This is a paraphrase of a question that was posed a few years ago in a support group I facilitated.  It’s a question I had to face more than once.  Now that years have gone by, I still believe this is a good approach, but I’m aware some parents disagree.


Q: My son is always in his room and gets extremely upset if I go in there.  He says he has a right to privacy.  But I suspect something bad is going on, and want to search his room when he’s not there.  Yet it bothers me that I’d be violating his trust.  Is it OK to search his room?

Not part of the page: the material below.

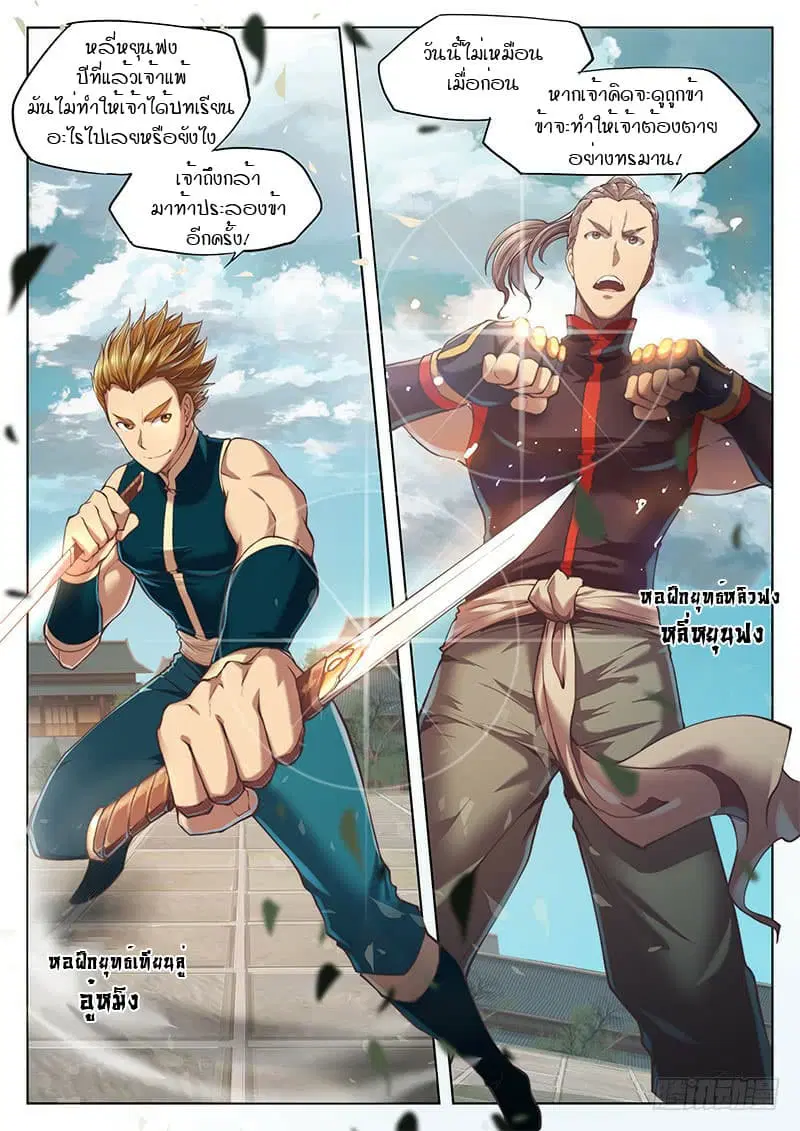 The Portal of Wonderland ตอนที่ 24 หน้า 2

A:  I advocate searching a troubled child’s room or reading “private” information like email if there is any concern whatsoever that something potentially dangerous is being hidden from a parent.  Since he gets very upset, he may not want you to find something because he knows you’ll disapprove.  Practically speaking, is there a way you can search his room or read email without him (or anyone else) ever finding out?  If he finds out you’ve searched his room, yes, you will lose his trust, and he may go to greater lengths to keep secrets.  But as the responsible adult in the household, you must think not only about your son, yourself, and your family, but about others who may be at risk if your son has dangerous plans.  The need for safety overrides.

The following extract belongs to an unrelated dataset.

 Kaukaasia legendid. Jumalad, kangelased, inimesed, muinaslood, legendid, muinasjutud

If you find nothing unusual or dangerous on a search, you’ve at least satisfied your rightful need to know.  Then the issue becomes his need for privacy and his fear of losing it, which must be addressed since he’s clearly upset about it.  Don’t tell, at least not until enough time has passed that your communications with your son are strong and he has begun to reckon with his mental health.


If you find something dangerous, act on it immediately and do not defend your decision or try to talk him into taking responsibility for his actions.  A troubled teen can’t or won’t.  He will either be remorseful and embarrassed, or enraged and threatening.  Regardless, you must take dangerous materials or actions very seriously because someone’s life could be at stake, literally.  Since it’s clear that trust is important to you (as it should be), expect that it may be very long time before your son trusts you.  But also remember that, under these serious circumstances, his trust of you is less important than your trust of him.


Filed under bipolar disorder, borderline personality disorder, depression, mental illness, oppositional defiant disorder, parenting, schizoaffective disorder, schizophrenia, teens

2 Responses to When is it OK to search a teen’s room?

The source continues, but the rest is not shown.